Sentiment Analysis Flow

Overview

This repository showcases a web-based sentiment analysis tool designed to evaluate the sentiment of text reviews (e.g., positive, neutral, negative) and provide tailored suggestions. Users can input reviews manually or upload a CSV/TXT file, and the tool processes the data to display results in a table, including the review, and a suggestion.

How It Works

  • User Interface: The webpage, built with HTML and styled with CSS, features a form for entering reviews or uploading files. Upon submission, the data is sent to a Flask backend for processing.

  • Backend Processing: The Flask server receives the input, preprocesses the text, applies a trained Random Forest Classifier model to predict sentiment, generates suggestions using a custom function, and returns the results to update the table dynamically.

  • Output: Results include the original review, a sentiment score (e.g., 2 for positive, 1 for neutral, 0 for negative), and a suggestion, presented in a table.

Technologies Used

  • Python (Flask, scikit-learn, NLTK)

  • HTML/CSS

Model Used

The project employs a Random Forest Classifier from scikit-learn, trained on preprocessed text data. The model leverages TF-IDF vectorization to convert text into numerical features, enabling sentiment classification. The specific model is fine-tuned and saved using joblib for deployment in the Flask app.

Data Training

  • Dataset: The model is trained on a dataset of Amazon Product Reviews, readily available on Kaggle.(https://www.kaggle.com/datasets/bittlingmayer/amazonreviews)
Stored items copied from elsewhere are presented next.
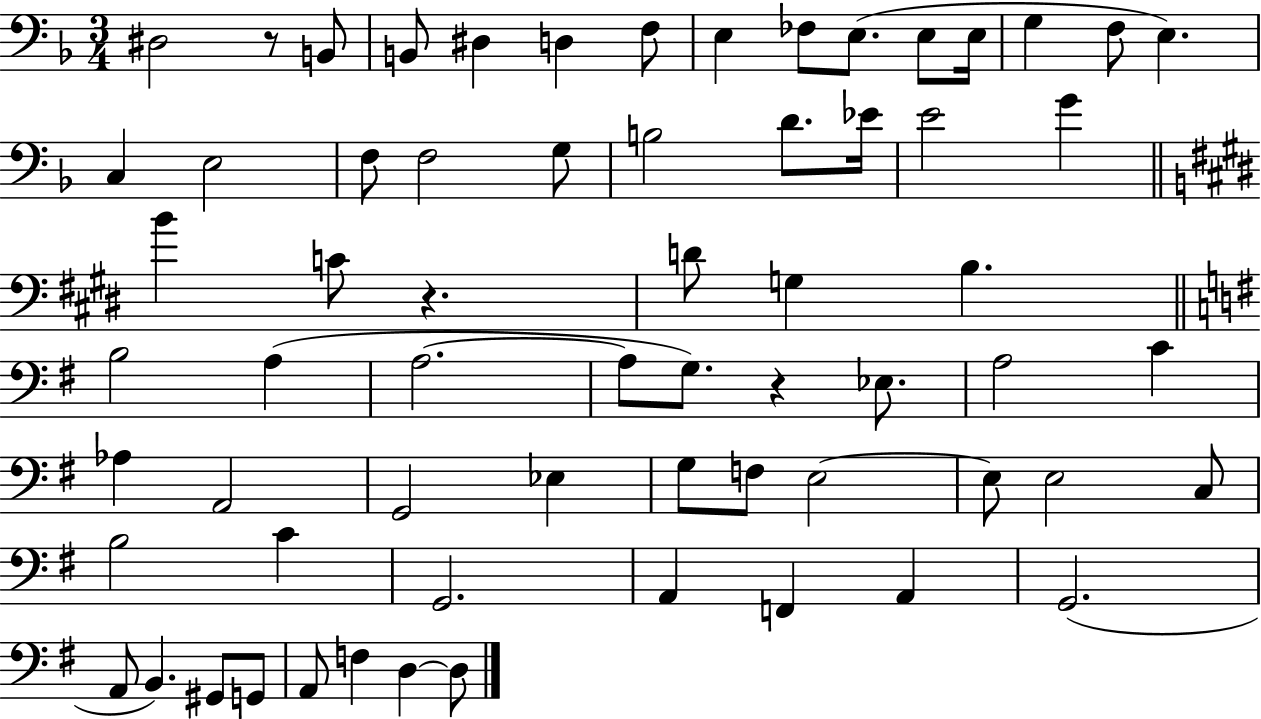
{
  \clef bass
  \numericTimeSignature
  \time 3/4
  \key f \major
  dis2 r8 b,8 | b,8 dis4 d4 f8 | e4 fes8 e8.( e8 e16 | g4 f8 e4.) | \break c4 e2 | f8 f2 g8 | b2 d'8. ees'16 | e'2 g'4 | \break \bar "||" \break \key e \major b'4 c'8 r4. | d'8 g4 b4. | \bar "||" \break \key g \major b2 a4( | a2.~~ | a8 g8.) r4 ees8. | a2 c'4 | \break aes4 a,2 | g,2 ees4 | g8 f8 e2~~ | e8 e2 c8 | \break b2 c'4 | g,2. | a,4 f,4 a,4 | g,2.( | \break a,8 b,4.) gis,8 g,8 | a,8 f4 d4~~ d8 | \bar "|."
}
  • Training Process: The data undergoes preprocessing with NLTK, including tokenization, stop word removal, and lemmatization (via WordNetLemmatizer). The preprocessed text is converted to TF-IDF features, and the dataset is split for training and validation using train_test_split. The Random Forest Classifier is trained with techniques like resampling (via scikit-learn’s resample) and optimized using accuracy_score and classification_report metrics. The trained model is saved with joblib.

  • Implementation: Training is performed offline using scikit-learn.

Data Analysis

  • Input Handling: Uploaded or entered text is cleaned and preprocessed using a custom preprocess_text function, likely involving tokenization, stop word removal, and lemmatization.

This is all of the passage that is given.